The task: Using the entries that follow, write out the line containing "Cefizone 1g Inj.", the line containing "Miners Falls, Michigan Poster", and every line between them, exactly and nothing else.

Source data below:

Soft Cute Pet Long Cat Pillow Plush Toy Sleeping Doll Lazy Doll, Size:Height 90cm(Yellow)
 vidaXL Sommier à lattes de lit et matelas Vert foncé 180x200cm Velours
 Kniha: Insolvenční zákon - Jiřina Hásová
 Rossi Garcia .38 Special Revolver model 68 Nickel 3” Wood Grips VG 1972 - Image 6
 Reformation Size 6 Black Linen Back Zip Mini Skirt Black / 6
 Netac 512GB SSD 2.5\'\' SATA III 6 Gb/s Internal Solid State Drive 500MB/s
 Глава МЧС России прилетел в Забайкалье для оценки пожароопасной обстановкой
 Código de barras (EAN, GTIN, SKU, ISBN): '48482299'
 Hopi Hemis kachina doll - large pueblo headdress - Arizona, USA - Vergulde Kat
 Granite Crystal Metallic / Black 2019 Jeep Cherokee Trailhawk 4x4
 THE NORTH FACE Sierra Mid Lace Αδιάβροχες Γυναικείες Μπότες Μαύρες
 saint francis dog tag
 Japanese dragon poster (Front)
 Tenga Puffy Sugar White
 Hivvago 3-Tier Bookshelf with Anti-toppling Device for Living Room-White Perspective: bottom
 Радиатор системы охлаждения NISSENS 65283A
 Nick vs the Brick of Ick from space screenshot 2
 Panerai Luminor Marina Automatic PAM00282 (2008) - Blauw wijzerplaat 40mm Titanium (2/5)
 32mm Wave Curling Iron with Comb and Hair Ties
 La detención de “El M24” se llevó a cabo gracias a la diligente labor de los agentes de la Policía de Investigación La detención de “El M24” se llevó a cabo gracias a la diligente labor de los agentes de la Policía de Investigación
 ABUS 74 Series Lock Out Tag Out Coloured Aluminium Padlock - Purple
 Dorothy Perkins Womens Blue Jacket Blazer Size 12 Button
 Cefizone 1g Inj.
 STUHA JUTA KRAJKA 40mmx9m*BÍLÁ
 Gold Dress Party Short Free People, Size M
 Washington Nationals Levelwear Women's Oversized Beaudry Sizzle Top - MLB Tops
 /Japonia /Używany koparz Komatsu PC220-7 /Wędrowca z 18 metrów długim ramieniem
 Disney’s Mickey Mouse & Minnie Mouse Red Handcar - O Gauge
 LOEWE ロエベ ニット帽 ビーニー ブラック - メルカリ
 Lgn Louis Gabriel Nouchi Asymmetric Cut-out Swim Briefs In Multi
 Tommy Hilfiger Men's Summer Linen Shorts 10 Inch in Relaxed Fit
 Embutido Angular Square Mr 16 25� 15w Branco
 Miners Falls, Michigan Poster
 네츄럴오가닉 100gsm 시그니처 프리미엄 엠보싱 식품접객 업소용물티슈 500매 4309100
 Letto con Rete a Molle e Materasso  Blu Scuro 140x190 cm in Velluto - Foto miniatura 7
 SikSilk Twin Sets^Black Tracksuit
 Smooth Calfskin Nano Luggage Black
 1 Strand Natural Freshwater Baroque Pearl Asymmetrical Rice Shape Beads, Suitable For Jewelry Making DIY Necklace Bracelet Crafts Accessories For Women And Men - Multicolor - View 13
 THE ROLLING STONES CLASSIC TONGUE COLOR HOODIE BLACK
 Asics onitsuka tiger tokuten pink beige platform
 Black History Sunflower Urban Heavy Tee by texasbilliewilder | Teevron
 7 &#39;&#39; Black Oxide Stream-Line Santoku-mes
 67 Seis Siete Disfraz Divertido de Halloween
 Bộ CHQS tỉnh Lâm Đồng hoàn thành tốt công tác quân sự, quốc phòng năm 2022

End of Source data.

Output of the task:
 Cefizone 1g Inj.
 STUHA JUTA KRAJKA 40mmx9m*BÍLÁ
 Gold Dress Party Short Free People, Size M
 Washington Nationals Levelwear Women's Oversized Beaudry Sizzle Top - MLB Tops
 /Japonia /Używany koparz Komatsu PC220-7 /Wędrowca z 18 metrów długim ramieniem
 Disney’s Mickey Mouse & Minnie Mouse Red Handcar - O Gauge
 LOEWE ロエベ ニット帽 ビーニー ブラック - メルカリ
 Lgn Louis Gabriel Nouchi Asymmetric Cut-out Swim Briefs In Multi
 Tommy Hilfiger Men's Summer Linen Shorts 10 Inch in Relaxed Fit
 Embutido Angular Square Mr 16 25� 15w Branco
 Miners Falls, Michigan Poster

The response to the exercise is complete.